Conchita no llegó a crecer nunca. Creo que por eso nadie la llamaba nunca Concha, por más años que pasaran. Para mí fue siempre la madre de Vero. Una señora a la que había de mirar despacio porque no te la acababas con un simple vistazo. Imposible pasar frente a ella sin detenerse a observar a esa mujer de edad imprecisa, siempre maquillada para salir a escena como una Edith Piaf cantando a dúo con la Lupe que su vida es puro teatro. Su pequeñez de canto rodado la hizo indestructible a las adversidades de los malos tiempos, que los hubo. Pero también la hizo libre cuando la libertad era una osadía imperdonable.
Su vida era como un diario adolescente lleno de secretos antiguos que ibas vislumbrando en cada página pero sin estar nunca segura de haber descubierto lo que escondían sus ojos. Creo que se sentía inmortal porque se pinchaba un combinado de teatro y poesía en vena. Una pócima de savia nueva que extraía de sus alumnos del Liceo Francés a quienes enseñaba a hablar el castellano de Miguel Hernández, de Federico García Lorca y de Antonio Machado. Pero más que maestra, a Conchita Molina le gustaba llamarse teatrera. Así, sin las grandes ínfulas que se arrogan las divas del arte de Thalía.
Porque el teatro era su religión, su pasión, el único sacerdocio que ejerció toda la vida, incluso más allá de la jubilación. Un teatro de carretera y manta, de barraca, de corral de comedias, de pueblo llano, de salón de actos escolar, de niños sobre el escenario. Teatro con el que consolar a los heridos y tocarle los huevos al mismísimo diablo si hace falta. Teatro de abajo arriba para formar personas libres desde las aulas.
El teatro fue el plato principal de su menú vital, pero su dieta también fue rica en feminismo. Un feminismo militante de los que tomaban la calle para demandar derechos que hoy nos vienen de serie. La píldora anticonceptiva, el divorcio o la exigencia de que nadie, excepto nosotras mismas, mande en nuestros ovarios. Conchita comunista, guionista, maestra, directora teatral, sindicalista, feminista y “mater amatísima”. Una madre de las que solo existen en las novelas o en las películas. Una madre intergeneracional. Una zelig atemporal, camaleónica, que se convierte en adolescente cervecera de fin de semana, en hechicera de conjuros ancestrales o en confidente de confesionario laico detrás de una barra de bar.
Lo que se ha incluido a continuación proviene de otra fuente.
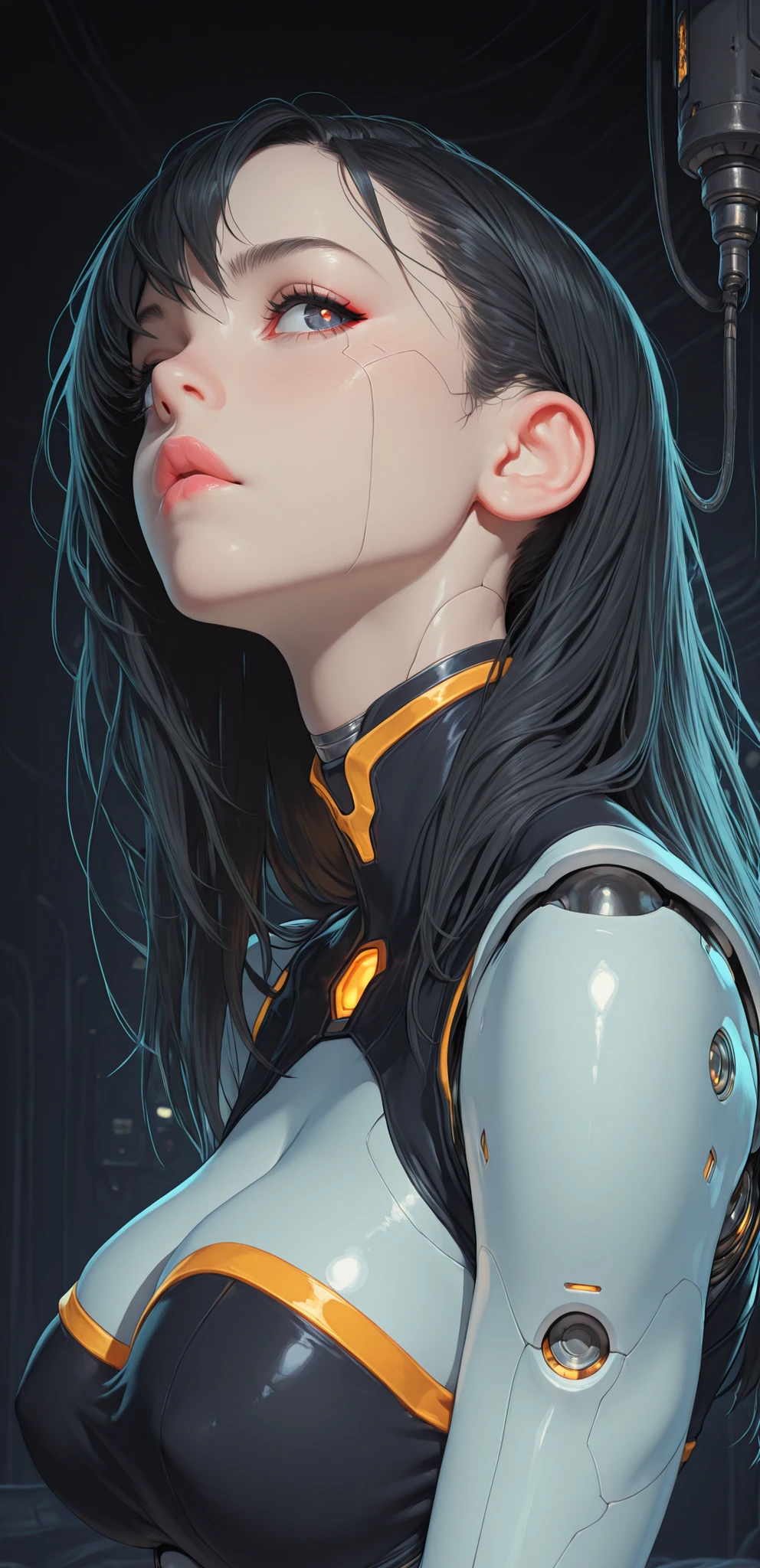 (masterpiece:1.35), (very aesthetic, best quality:1.3), highly detailed, dynamic lighting, dark environment, backlit, absurdres, detailed shading and textures, dark background, cyberpunk aesthetic, close-up, hyperdetailed anime style, (panel lines on skin), head tilt, (a female android), cyborg, Cyberpunk, cybernetic enhancements, extremely high-tech, 3d anime artstyle, dramatic lighting, no lineart, portrait, from side,
Indoors, sharp detail, solo, plastic, a female android, cyberpunk, futuristic, (mechanical anatomy), (robotic anatomy), (skin lines), mechanical robot trim,
Adorable and attractive, female, disheveled hair, shiny hair, black hair, shiny plastic skin, curvy and petite body, dark eyes, perfect breasts, very narrow waist, skindentations, hip_indentations, very slender, swept bangs, disheveled hair, hair down, cleavage,
Black trim, revealing clothing, black tube-top,
expressionless,lips, pink lips, eyelashes, eyebrows, eyeliner, blinking lights, digital components, small yellow trim, glowing,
Sus amigos la han despedido esta semana en un acto como a ella le habría gustado. Con mucho amor, con poemas, con “La Boheme” de Charles Aznavour y el “Te recuerdo Amanda” de Víctor Jara. Realmente no ha sido una despedida, sino un “hasta luego” infinito. La muerte no cabía en el mundo de Conchita Molina porque ella era energía en estado puro. Solo la ha transformado. Sigue revoloteando entre sus libros, sus obras de teatro, sus máscaras, sus amuletos.
Había comenzado a escribir su autobiografía pero no le ha dado tiempo a terminarla así que deja trabajo pendiente para los que la conocían sin maquillaje. También deja sin estrenar su última obra teatral “Pedrolo quiere volar”, que se convertirá en un homenaje postrero cuando se estrene, como siempre en mayo, en su amado Liceo. La ha dejado escrita en su cuaderno de colegiala aventajada. Esperaba que su hija lo pasara al ordenador estas vacaciones. Se lo había pedido como regalo de Navidad.
Me cuentan que poco antes de partir, una madrugada de diciembre, soñó con la nieve cayendo suavemente sobre la montaña. Al día siguiente, Aitana amaneció con una fina manta nevada sobre su cima. Lo que Conchita Molina imaginaba se convertía en realidad.